Writers: Bartlett Cormack, Waldemar Young, Vincent Lawrence
Composer: Rudolph G. Kopp
Starring: Claudette Colbert, Warren William, Henry Wilcoxon, Joseph Schildkraut, Ian Keith, Gertrude Michael, C. Aubrey Smith, Irving Pichel, Arthur Hohl, Edwin Maxwell, Ian Maclaren, Eleanor Phelps, Leonard Mudie, Grace Durkin, Claudia Dell
More info: IMDb
Tagline: History's most seductive woman! The screen's mightiest spectacle!
Plot: In 48 BC, Cleopatra, facing palace revolt in her kingdom of Egypt, welcomes the arrival of Julius Caesar as a way of solidifying her power under Rome.
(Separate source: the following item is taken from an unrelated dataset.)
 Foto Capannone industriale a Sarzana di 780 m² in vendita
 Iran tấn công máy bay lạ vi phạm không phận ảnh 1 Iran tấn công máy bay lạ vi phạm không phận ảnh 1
When Caesar, whom she has led astray, is killed, she transfers her affections to Marc Antony and dazzles him on a barge full of DeMillean splendor. But the trick may not work a third time.
My rating: 6/10
Will I watch it again? No.
I didn't care for the first half of this. It's so stagy. Most everyone is over acting. Colbert comes off best. Not only does she hold back a little but she looks amazing. Her outfits are sexy as shit. The dialogue is often stale and it comes off corny. The actors often don't act any differently than if they were in a B crime film or melodramatic romance. That style doesn't work in a historical drama such as this. The second half of the film fares better except for some aspects that carry over from the first half like the romance angle. The film makers play loose with the facts but that's par for the course in Hollywood. In the last act we get some battle footage that is clearly taken from other films with closeups of Anthony and Cleopatra as well as a few bits made for this film. Despite that, there are some neat shots and kills. They're the most enjoyable moments of the picture. After that it's back to the melodrama but faster paced as we've got only a few more minutes in which to see the picture come to a close. It's an OK picture but nothing special. Reading the IMDb reviews and boards you'd think this was a masterpiece of cinema. Perhaps if it were 80 years ago and all I had to go off of were the films up to this point, only then might my feelings be different. There's nothing different here than you'd find in other genres of film of the time except for the costumes and set design. According to IMDb David Niven and John Carradine can be seen (uncredited in the film) in bit parts.